2015年、初の実店舗としてシアトルにオープンしたAmazon Books(写真:AP/アフロ)
米アマゾン・ドット・コムが米国と英国で、対面式の書店「Amazon Books(アマゾン・ブックス)」を含む、計68の小売店を閉鎖すると米CNBCや米ニューヨーク・タイムズなどが3月2日に報じた。
同社全体の売上高が目覚ましく伸びているのに対し、これら実店舗事業は成長が鈍化している。リアル店舗戦略の見直しの一環として撤退を決めたという。
アマゾン初の実店舗「Amazon Books」閉鎖へ
閉鎖対象となるのはAmazon Booksのほか、評価の高い商品を集めた店舗「Amazon 4-star(アマゾン・4スター)」、そしてショッピングモール内の小規模店舗「Amazon Pop Up(アマゾン・ポップアップ)」(アマゾンのウェブサイト)。
閉鎖時期は場所によって異なるという。従業員は異動先の相談ができる。会社にとどまりたくない人には退職金を支払う。アマゾンは、閉鎖によって影響を受ける従業員の数を明らかにしていないという。
アマゾンは2015年11月に同社初の実店舗としてAmazon Booksをオープンした。1号店の場所は本社があるワシントン州シアトルだった。その後毎年店舗数を増やし、現在米国の13州・地域で計24店を営業している。
アマゾンのEC(電子商取引)サイトで評価の高い商品だけを販売する新業態のAmazon 4-starは18年にオープンした。現在、米国の25州で31店を営業中だ。
モール内のAmazon Pop Upについては19年に多くを閉鎖しており、米国では現在8州・地域に9店あるのみ。これらがすべて閉鎖されるという。
実店舗の売上高、2年前から0.7%減
その背景には実店舗事業の伸び悩みがあるとみられている。アマゾンが先ごろ公表した年次報告書(FORM10-K)によると、21年における実店舗売上高は170億7500万ドル(約1兆9800億円)。前年比で5.2%増だったが、2年前と比べると0.7%減少した。

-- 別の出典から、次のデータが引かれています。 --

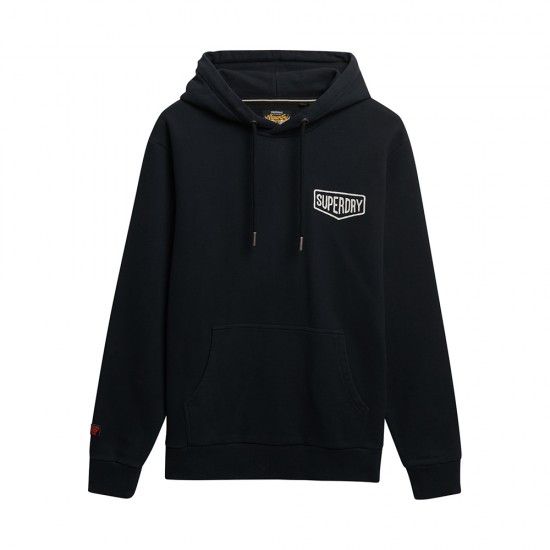 D2 OVIN WORK TAB LOOSE HOOD ΦΟΥΤΕΡ ΑΝΔΡΙΚΟ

ニューヨーク・タイムズによると18年の実店舗売上高は約172億ドル(約1兆9900億円)。この間、アマゾン全体の売上高は2倍に増えた。21年における全売上高は4698億2200万ドル(約54兆3400億円)だったが、そのうち実店舗が占める比率は3.6%にとどまっている。
スーパーやコンビニ、アパレルは継続
こうした中、今後は17年に傘下に収めたスーパーマーケットチェーン「Whole Foods Market(ホールフーズ・マーケット)」や、直営スーパー「Amazon Fresh(アマゾン・フレッシュ)」、レジなし精算のコンビニエンスストア「Amazon Go(アマゾン・ゴー)」などに実店舗の経営資源を集中させる。
アマゾンの広報担当者は「我々は引き続き、優れた実店舗の買い物体験とテクノロジーの開発に取り組んでいく」と述べた。同社は22年1月に「Amazon Style(アマゾン・スタイル)」と呼ぶ、同社初の衣料品販売実店舗を年後半にロサンゼルス市郊外に出店すると発表した。
スマホのアプリを利用した買い物体験が特徴の店舗だ。ハンガーなどに取り付けられたQRコードを読み込むことで試着したいサイズや色を選ぶことができ、選んだ商品は自動的に試着室に運ばれる。
また同社は、Amazon Goに採用している無人決済システム「Just Walk Out(ジャスト・ウォーク・アウト)」を直営スーパーAmazon Freshにも導入している。21年9月にはこのシステムをホールフーズ店舗にも導入すると明らかにした。このほか、店舗用の手のひら認証システム「Amazon One(アマゾン・ワン)」も導入している。
同社の広報担当者であるベッツィー・ハーデン氏は、今後、これら食品小売店やアパレル店、それらに導入するテクノロジーの開発により焦点を当てると説明している。